- [What you should do]: Reproduce exactly the lines of this material that begin at the line with "从0到1带你玩赚视频号：这么玩才赚钱，日引流500+日收入1000+核心玩法" and end at the line with "Animaux perdus Mérignac, photo: Chat", both included. Omit the pictures and everything else.

- [Information given]:
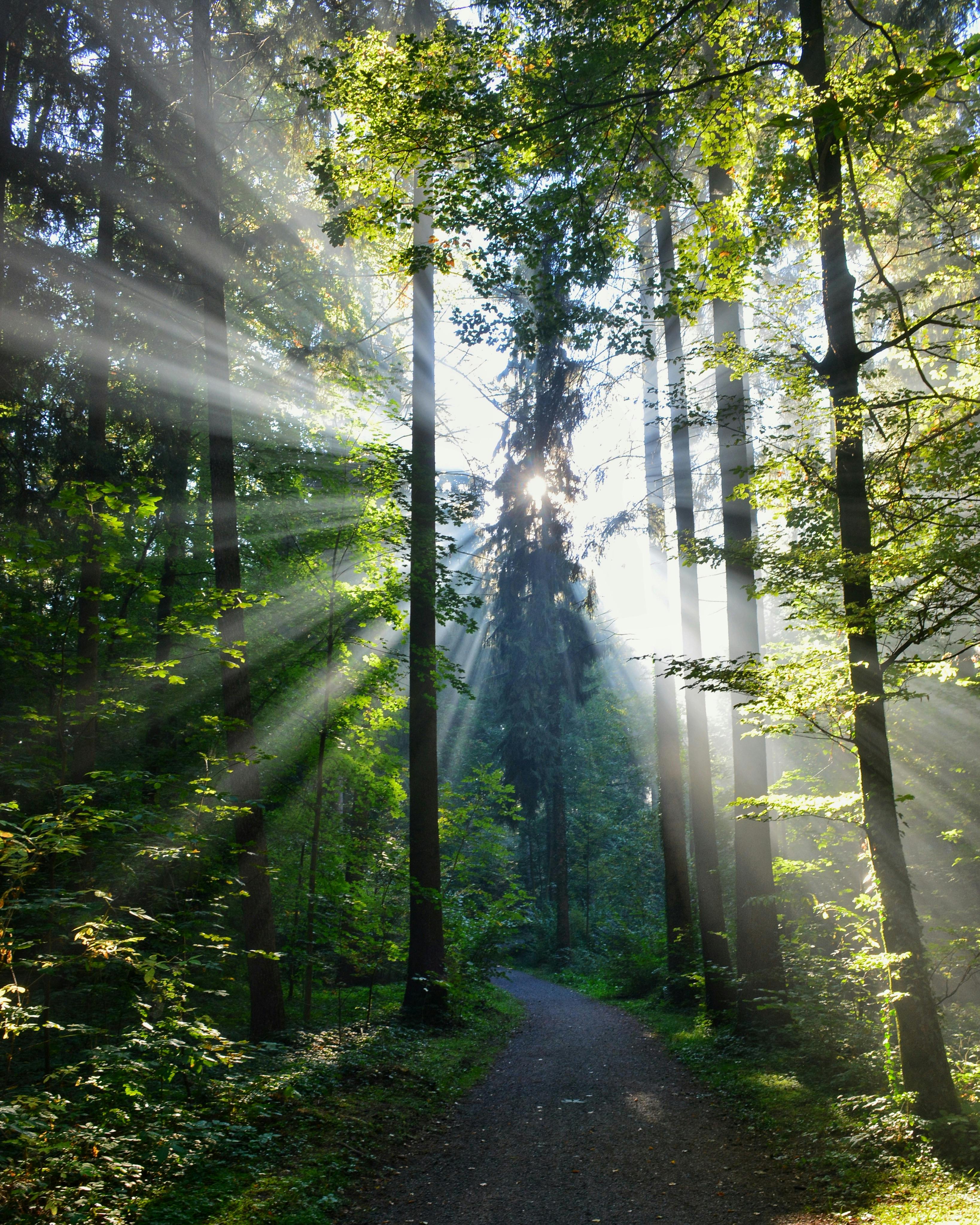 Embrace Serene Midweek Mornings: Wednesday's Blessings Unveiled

---

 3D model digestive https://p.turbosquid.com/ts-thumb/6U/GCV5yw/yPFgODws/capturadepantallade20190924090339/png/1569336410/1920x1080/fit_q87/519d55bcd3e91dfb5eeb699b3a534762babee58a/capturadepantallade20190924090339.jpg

--

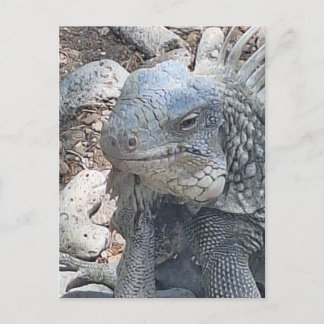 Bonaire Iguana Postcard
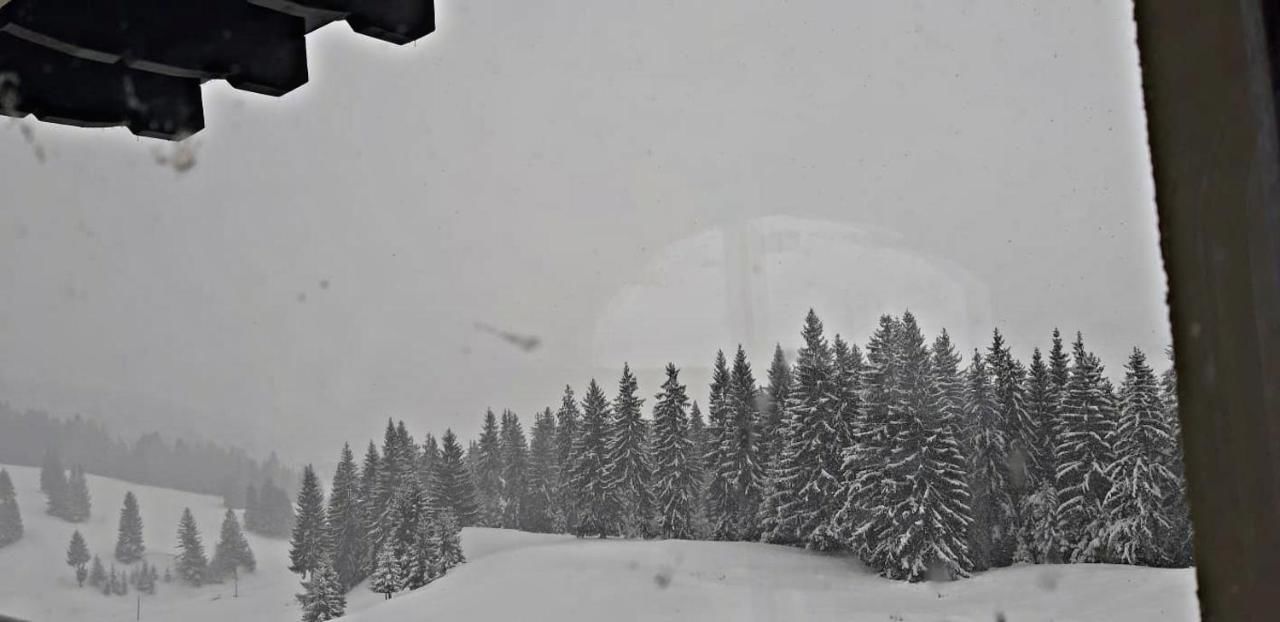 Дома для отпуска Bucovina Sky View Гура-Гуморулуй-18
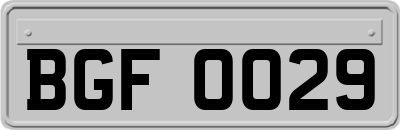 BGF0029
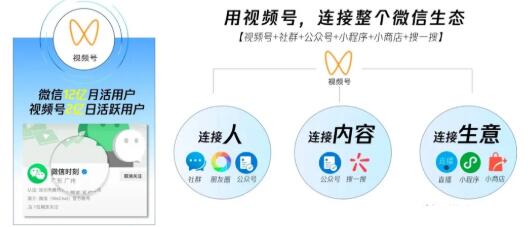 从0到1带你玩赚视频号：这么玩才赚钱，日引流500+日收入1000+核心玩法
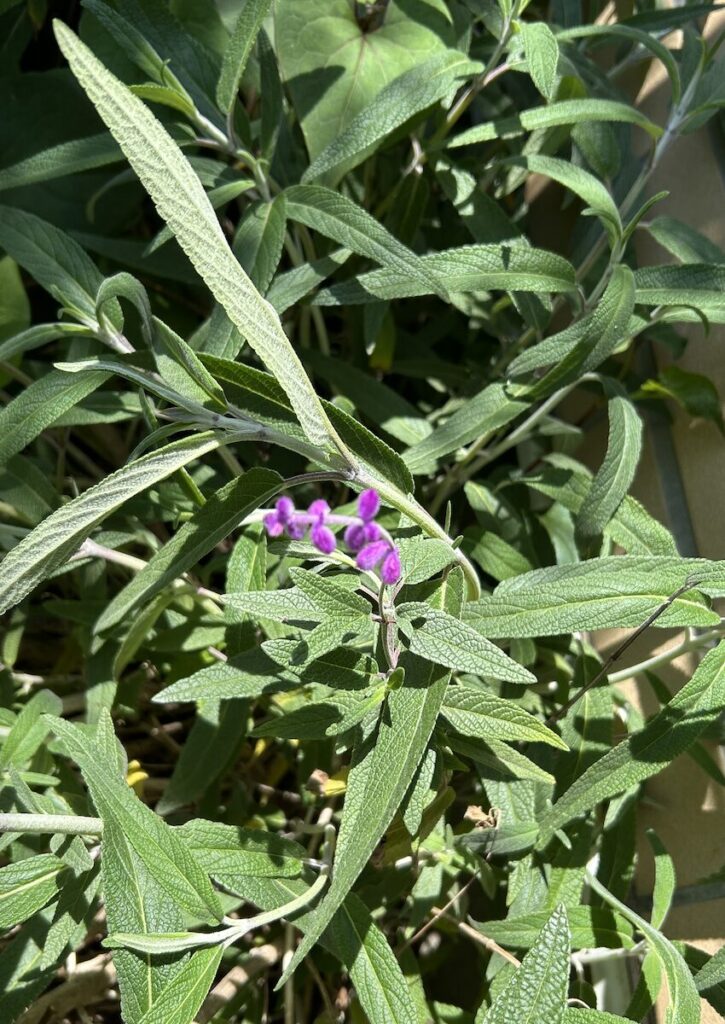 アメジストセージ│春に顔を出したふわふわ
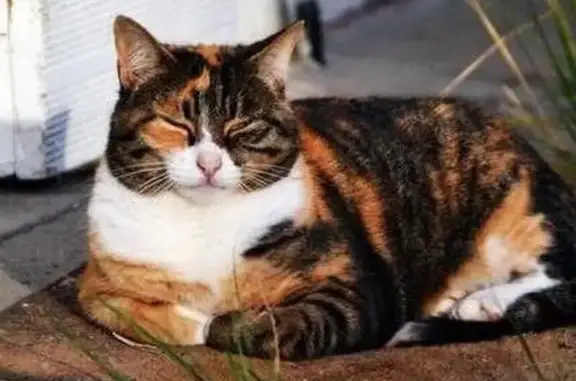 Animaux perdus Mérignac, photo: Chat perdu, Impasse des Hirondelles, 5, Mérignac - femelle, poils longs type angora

- [Result]:
 从0到1带你玩赚视频号：这么玩才赚钱，日引流500+日收入1000+核心玩法
 アメジストセージ│春に顔を出したふわふわ
 Animaux perdus Mérignac, photo: Chat perdu, Impasse des Hirondelles, 5, Mérignac - femelle, poils longs type angora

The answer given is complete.